Даже Твардовский, искренне любивший Сталина и до конца с этой любовью еще не расставшийся, обнаружил (в написанной вскоре после смерти отца и гения поэме «За далью даль») довольно ясное понимание того несомненного факта, что любил он (а отчасти даже и продолжает любить) палача:
Он мог на целые народы Обрушить свой верховный гнев…Трудно сказать, чего тут больше, в этих строчках, — ужаса или восторга.
Источником восторга был, конечно, все тот же страх. И поэт этого не скрывает. Как не скрывает, что главным источником этого страха был — САМ:
Еще и впредь мне будет трудно, Но чтобы страшно — Никогда.САМ отдал богу душу, и поэт перевел дух. И ему даже показалось, что страх, с которым он жил все эти годы, теперь навсегда
На самом деле, однако, страх этот долго еще не хотел умирать. И даже когда казалось, что он давным-давно уже умер, он все еще тлел где-то там, на дне сознания, готовый в любой момент вспыхнуть с прежней силой.
19 августа 1991 года я встретил в Малеевке — писательском Доме творчества, ставшем за последние тридцать лет чуть ли не вторым моим домом. В тот день путевка моя кончалась, и я собирался в Москву, где меня ждали какие-то дела. Жена с маленьким внуком оставалась еще на один срок, а я уезжал. Вещи были собраны с вечера, машина была заказана на десять часов утра: я собирался ехать сразу после завтрака.
Обычно я просыпаюсь часов в восемь. Но в то утро какая-то сила подняла меня часа на два раньше. Поняв, что уже не засну, быстро натянул джинсы, рубашку и осторожно, на цыпочках, чтобы не разбудить жену и внука, вышел в коридор. И сразу же наткнулся на Юру Давыдова, который поманил меня пальцем и шепотом — хотя в коридоре мы были одни и никто нас не мог слышать — спросил:
— Уже знаешь?
И только тут я увидел, что на нем, как говорится, нет лица.

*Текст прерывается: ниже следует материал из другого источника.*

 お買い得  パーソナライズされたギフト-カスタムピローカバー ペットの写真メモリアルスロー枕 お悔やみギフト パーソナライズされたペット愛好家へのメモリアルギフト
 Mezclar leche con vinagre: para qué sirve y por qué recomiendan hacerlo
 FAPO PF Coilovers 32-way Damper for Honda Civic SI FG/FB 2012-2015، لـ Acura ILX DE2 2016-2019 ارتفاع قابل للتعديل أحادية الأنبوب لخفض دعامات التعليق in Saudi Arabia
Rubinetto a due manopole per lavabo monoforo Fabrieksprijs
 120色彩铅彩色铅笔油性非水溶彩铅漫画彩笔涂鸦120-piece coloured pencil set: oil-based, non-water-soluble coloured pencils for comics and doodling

Он быстро пересказал мне все, что только что услышал по радио, и я сразу почувствовал, как старый, давно забытый страх шевельнулся под ложечкой и быстро стал заполнять всю мою грудную клетку.

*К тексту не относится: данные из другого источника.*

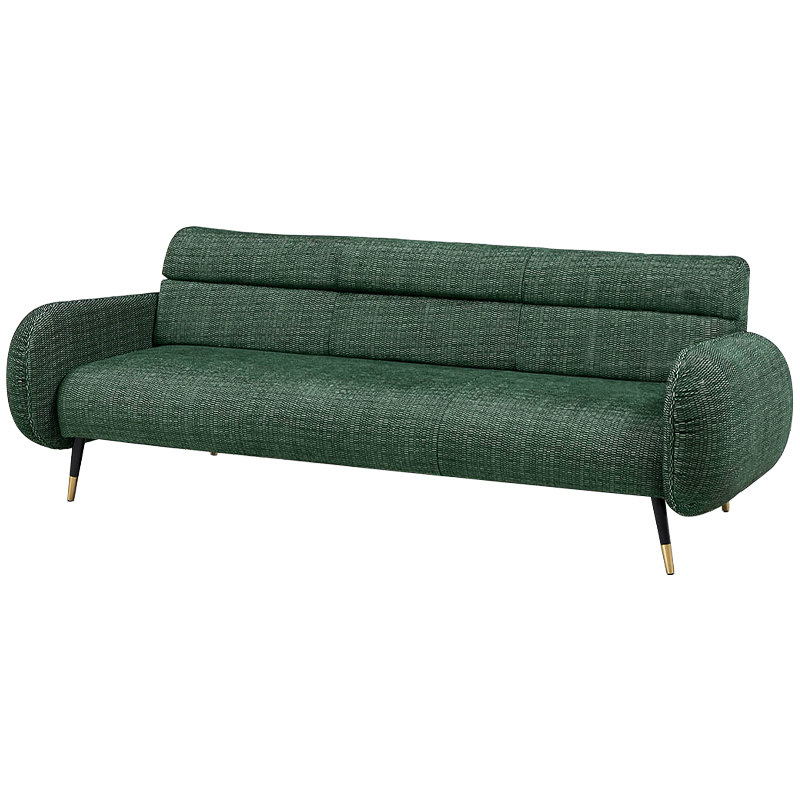 Диван Hebert Green Sofa L Зеленый Зеленый Черный Латунь в Перми | Loft Concept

Но я бодрился. Сказал Юре, что это не надолго. От силы на полгода. Может быть, на год.
— Нет, — покачал головой Юра. — Это конец.

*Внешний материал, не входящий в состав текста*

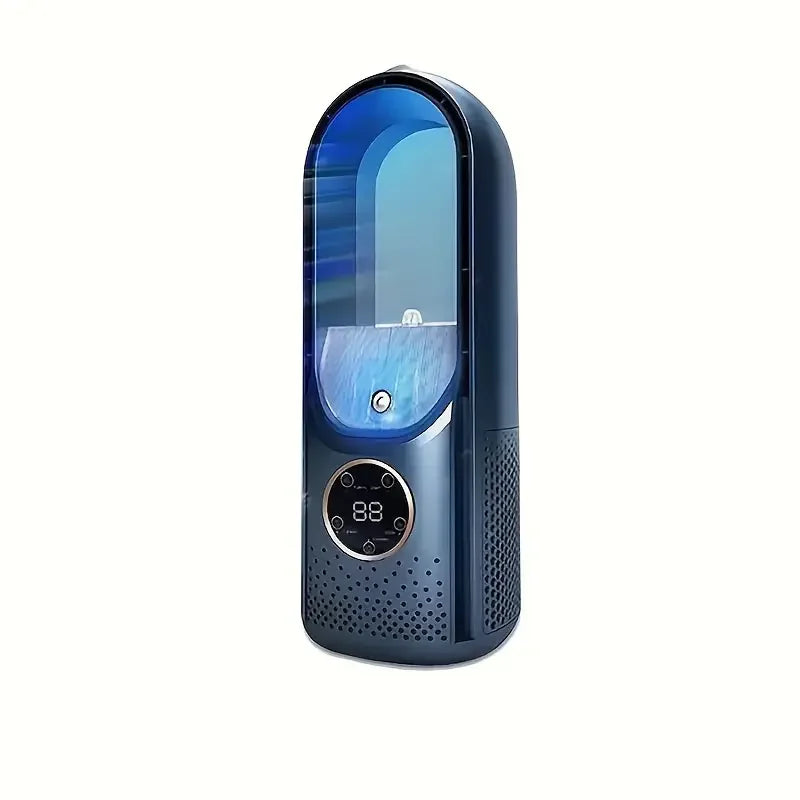 Relialable Portable Evaporative Air Cooler with Humidifier - 3-Speed USB Desktop Mini AC Fan, Personal Cooling for Office, Bedroom, , Campi
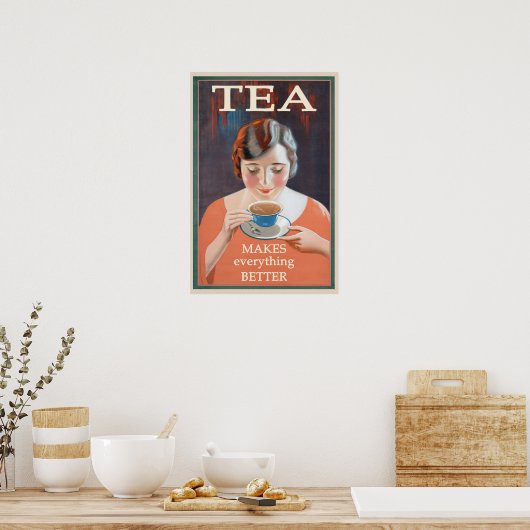 Cute  Hot Tea Poster (Keuken)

Вторым человеком, которого я увидел в то утро, был Серго Ломинадзе. Он тоже был совершенно убит новостью и на мои успокоительные речи реагировал с раздражением.
— Их никто не поддержит, — вяло, сам не слишком в это веря, пытался успокоить его я.
— Еще как поддержат! — ярился он. И повторил — слово в слово — то, что я уже слышал от Юры Давыдова:
— Нет, это — конец.
Я все еще пытался бодриться, но под ложечкой у меня посасывало. Старый страх давал себя знать.
Не зная, куда себя девать, я поплелся в столовую. Мой сосед по столику — моложавый, с коротким седым ежиком, писатель-фантаст в джинсовой куртке — удивился:
— Что это вы так рано сегодня?
— А вы, я вижу, ничего не знаете, — сказал я. — У нас государственный переворот.
В двух словах я пересказал невеселую новость, ожидая услышать в ответ приблизительно то же, что уже слыхал от Серго и от Юры. Но писатель-фантаст отреагировал на мое сообщение иначе.
— Бенедикт Михайлович! — сказал он, пожав плечами. — Ведь это агония!
Агония-то агония, — подумал я, — но сколько она продлится? И кому из нас доведется ее пережить?
Юра и Серго все-таки уже заразили меня своим пессимизмом.
Когда я садился в машину, Юра отвел мою жену в сторону и довольно внушительно посоветовал ей взять внука и ехать со мною в Москву.
— В такие минуты, — сказал он, — близкие люди не должны разлучаться.
Но жена в ответ лишь беспечно махнула рукой.